--- What the task asks ---
Return the lines beginning at the one that contains "Vintage Nike Oregon State Beavers" and running to the end of the records, exactly and with nothing else. Omit pictures.

═════ Records ═════

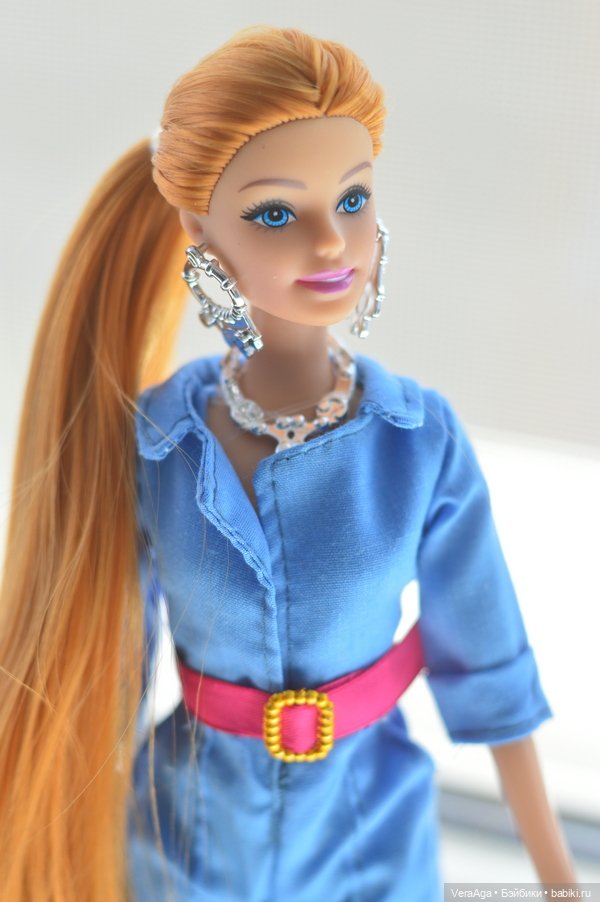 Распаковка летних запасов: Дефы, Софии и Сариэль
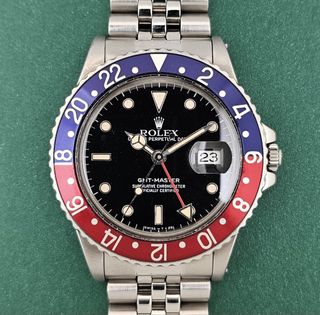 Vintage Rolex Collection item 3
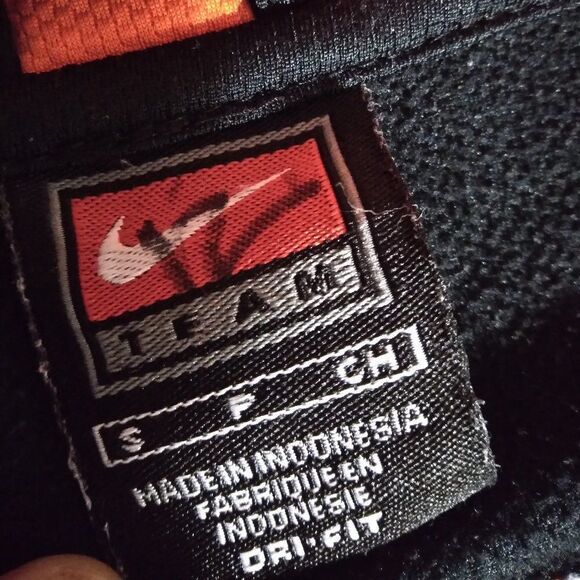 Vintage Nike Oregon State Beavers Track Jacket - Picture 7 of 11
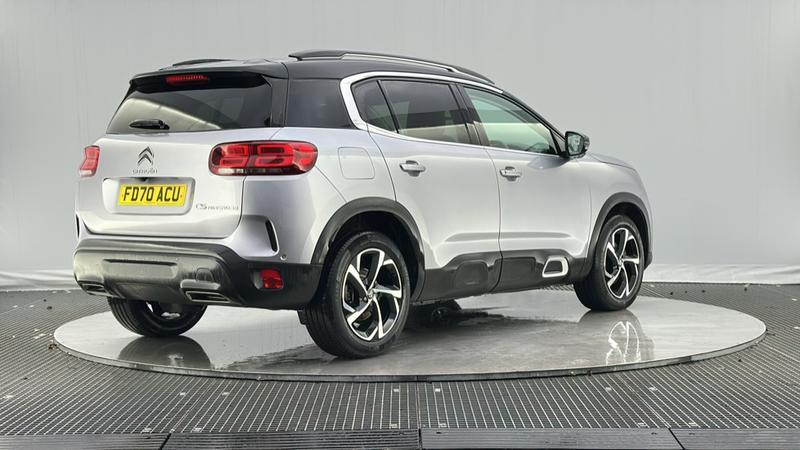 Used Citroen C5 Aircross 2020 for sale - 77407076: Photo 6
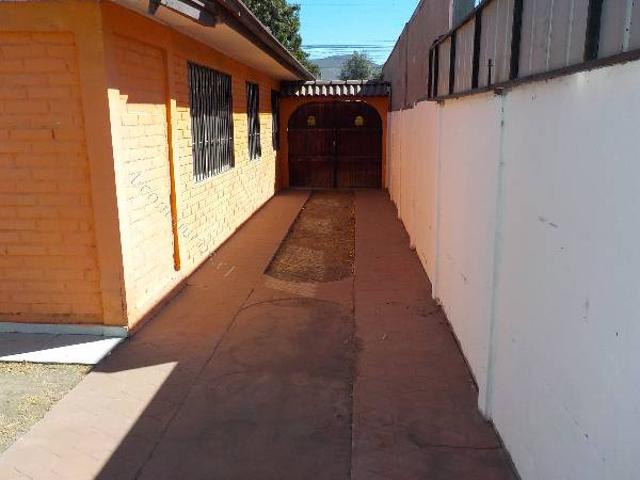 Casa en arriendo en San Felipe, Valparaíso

═════

--- Your solution ---
 Vintage Nike Oregon State Beavers Track Jacket - Picture 7 of 11
 Used Citroen C5 Aircross 2020 for sale - 77407076: Photo 6
 Casa en arriendo en San Felipe, Valparaíso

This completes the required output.